Is this a new installation of FreeBSD-10-RELEASE?


----------



## dndlnx (Apr 23, 2014)

I just do the following, like usual:

`# portsnap fetch update`

I will try grabbing a new ports tree, like you said. I upgraded from 9.2-RELEASE, but that was a while ago. I rebuilt my ports fine after that upgrade. A situation came up today where I wanted to reinstall my ports from scratch. No big deal, right? Most I ever had to fiddle with on occasion, was java/openjdk6.

Now I feel like a dope, half of my stuff won't even build.


----------



## dndlnx (Apr 23, 2014)

Weird, there _was_ something wrong with my ports tree. Things appear to be building now. Thanks @trh411, what a relief.  

:beergrin


----------



## ShelLuser (Apr 23, 2014)

Just to rule out the obvious: when you update your ports collection do you pay attention to /usr/ports/UPDATING?
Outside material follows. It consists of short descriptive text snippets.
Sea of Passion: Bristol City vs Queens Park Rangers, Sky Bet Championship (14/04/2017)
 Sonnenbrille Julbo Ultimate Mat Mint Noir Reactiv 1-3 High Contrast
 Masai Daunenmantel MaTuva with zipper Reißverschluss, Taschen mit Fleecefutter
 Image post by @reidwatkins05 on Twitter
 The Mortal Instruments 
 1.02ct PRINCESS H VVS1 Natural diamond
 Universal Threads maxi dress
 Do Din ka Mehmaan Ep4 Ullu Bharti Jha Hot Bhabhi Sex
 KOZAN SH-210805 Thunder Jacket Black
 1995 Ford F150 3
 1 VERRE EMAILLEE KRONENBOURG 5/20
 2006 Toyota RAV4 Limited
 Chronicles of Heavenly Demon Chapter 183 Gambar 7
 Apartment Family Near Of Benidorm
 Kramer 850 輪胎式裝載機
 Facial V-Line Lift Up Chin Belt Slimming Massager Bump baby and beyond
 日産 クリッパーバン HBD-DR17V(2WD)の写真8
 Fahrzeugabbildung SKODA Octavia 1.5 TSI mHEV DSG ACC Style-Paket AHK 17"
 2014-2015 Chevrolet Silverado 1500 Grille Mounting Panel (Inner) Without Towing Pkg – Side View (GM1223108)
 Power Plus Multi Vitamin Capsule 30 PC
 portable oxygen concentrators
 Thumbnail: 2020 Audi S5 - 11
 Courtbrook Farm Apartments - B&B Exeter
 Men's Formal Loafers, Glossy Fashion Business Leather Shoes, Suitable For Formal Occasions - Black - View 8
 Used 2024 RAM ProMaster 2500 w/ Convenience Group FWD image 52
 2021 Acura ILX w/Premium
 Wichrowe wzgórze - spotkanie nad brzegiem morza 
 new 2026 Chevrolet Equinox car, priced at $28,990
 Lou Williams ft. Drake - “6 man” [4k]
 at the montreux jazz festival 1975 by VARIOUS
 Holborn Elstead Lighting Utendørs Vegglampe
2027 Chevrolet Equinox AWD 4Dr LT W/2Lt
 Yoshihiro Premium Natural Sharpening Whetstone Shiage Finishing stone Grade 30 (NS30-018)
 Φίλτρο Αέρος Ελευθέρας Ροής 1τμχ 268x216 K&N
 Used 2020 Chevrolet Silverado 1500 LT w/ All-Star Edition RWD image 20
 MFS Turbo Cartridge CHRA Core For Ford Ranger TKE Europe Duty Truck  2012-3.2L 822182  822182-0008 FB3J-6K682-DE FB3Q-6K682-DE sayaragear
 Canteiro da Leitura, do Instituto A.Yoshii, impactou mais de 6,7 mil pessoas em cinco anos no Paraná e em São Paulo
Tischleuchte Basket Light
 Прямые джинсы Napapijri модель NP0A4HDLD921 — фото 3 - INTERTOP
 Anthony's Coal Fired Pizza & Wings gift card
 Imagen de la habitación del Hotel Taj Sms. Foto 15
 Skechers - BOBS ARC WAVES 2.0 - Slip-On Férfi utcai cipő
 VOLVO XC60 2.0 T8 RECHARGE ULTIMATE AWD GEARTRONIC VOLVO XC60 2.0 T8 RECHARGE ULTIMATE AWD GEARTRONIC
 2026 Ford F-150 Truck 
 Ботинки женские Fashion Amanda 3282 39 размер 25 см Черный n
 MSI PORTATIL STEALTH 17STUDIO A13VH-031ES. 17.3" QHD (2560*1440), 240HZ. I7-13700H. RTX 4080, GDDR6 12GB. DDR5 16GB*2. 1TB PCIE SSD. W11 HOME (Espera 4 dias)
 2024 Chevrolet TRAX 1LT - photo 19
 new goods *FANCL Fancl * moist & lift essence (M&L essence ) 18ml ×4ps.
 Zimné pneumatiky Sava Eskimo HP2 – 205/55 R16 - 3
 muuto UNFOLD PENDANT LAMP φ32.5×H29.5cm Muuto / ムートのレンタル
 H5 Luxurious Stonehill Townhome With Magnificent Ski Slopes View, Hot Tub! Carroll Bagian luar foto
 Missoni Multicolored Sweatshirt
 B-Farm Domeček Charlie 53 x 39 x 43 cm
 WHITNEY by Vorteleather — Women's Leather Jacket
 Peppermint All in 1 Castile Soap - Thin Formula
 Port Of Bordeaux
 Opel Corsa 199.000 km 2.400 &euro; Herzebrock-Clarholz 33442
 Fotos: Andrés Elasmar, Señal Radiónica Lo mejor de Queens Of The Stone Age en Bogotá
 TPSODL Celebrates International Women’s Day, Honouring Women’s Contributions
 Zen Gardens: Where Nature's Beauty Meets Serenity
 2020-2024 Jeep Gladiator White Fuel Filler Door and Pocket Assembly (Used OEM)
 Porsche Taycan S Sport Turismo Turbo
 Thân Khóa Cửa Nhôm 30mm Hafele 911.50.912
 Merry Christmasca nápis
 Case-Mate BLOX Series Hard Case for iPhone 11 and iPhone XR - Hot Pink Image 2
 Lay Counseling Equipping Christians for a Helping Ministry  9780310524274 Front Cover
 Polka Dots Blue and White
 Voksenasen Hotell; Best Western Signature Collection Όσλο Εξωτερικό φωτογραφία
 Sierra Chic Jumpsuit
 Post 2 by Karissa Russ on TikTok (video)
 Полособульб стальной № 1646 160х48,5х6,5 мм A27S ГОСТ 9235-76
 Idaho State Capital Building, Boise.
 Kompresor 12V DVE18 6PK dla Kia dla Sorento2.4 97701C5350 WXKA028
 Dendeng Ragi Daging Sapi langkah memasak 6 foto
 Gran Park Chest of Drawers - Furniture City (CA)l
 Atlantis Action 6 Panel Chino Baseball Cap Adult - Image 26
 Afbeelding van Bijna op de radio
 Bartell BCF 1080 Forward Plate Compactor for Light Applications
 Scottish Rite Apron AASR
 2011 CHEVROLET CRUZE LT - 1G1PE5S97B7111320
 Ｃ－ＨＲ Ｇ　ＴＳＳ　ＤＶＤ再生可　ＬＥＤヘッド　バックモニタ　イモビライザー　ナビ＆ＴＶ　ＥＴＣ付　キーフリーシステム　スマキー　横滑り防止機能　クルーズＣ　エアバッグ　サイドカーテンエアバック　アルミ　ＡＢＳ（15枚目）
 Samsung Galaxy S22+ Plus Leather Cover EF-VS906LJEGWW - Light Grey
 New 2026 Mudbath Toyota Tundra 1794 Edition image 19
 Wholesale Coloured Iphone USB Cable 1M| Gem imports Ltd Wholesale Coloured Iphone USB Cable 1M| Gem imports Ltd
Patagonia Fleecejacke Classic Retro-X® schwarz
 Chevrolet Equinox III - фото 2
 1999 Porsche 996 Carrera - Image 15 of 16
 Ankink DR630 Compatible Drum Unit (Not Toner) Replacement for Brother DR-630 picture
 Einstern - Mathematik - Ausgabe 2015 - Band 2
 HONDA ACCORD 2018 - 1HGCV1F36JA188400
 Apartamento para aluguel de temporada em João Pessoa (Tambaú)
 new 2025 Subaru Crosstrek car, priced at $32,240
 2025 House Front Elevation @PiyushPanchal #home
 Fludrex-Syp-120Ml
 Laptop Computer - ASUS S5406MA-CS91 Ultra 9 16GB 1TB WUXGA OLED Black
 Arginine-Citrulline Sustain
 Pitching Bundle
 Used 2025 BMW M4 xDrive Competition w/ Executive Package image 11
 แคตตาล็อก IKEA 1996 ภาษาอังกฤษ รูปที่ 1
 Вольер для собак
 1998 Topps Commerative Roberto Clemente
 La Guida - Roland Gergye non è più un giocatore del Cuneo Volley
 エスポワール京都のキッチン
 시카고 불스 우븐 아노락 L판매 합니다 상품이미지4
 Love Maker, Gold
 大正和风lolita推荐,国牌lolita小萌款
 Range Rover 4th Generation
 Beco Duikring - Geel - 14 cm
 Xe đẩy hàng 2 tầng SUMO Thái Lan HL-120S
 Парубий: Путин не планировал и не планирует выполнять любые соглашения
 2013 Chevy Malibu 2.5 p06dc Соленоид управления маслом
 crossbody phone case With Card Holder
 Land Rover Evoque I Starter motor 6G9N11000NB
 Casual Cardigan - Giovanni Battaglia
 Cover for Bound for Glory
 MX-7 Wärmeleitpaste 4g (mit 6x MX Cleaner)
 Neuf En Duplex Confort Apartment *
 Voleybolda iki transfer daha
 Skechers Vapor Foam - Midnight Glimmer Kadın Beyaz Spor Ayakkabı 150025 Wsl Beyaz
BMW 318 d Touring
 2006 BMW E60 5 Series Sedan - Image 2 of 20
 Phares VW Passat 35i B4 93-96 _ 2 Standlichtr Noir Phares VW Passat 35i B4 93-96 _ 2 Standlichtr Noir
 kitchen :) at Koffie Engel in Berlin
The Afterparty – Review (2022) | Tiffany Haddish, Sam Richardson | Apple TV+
Because that is the most common cause for problems. And the worst part; not paying attention can sometimes make problems disappear "on their own" while in fact looks are deceiving.


----------



## trh411 (Apr 23, 2014)

dnix said:
			
		

> Weird, there _was_ something wrong with my ports tree. Things appear to be building now. Thanks @trh411, what a relief.
> :beergrin


Well, the key for me was the you were missing devel/libtool in your tree. That made me suspect a corrupt or at least incomplete tree. Glad things are back to normal.


----------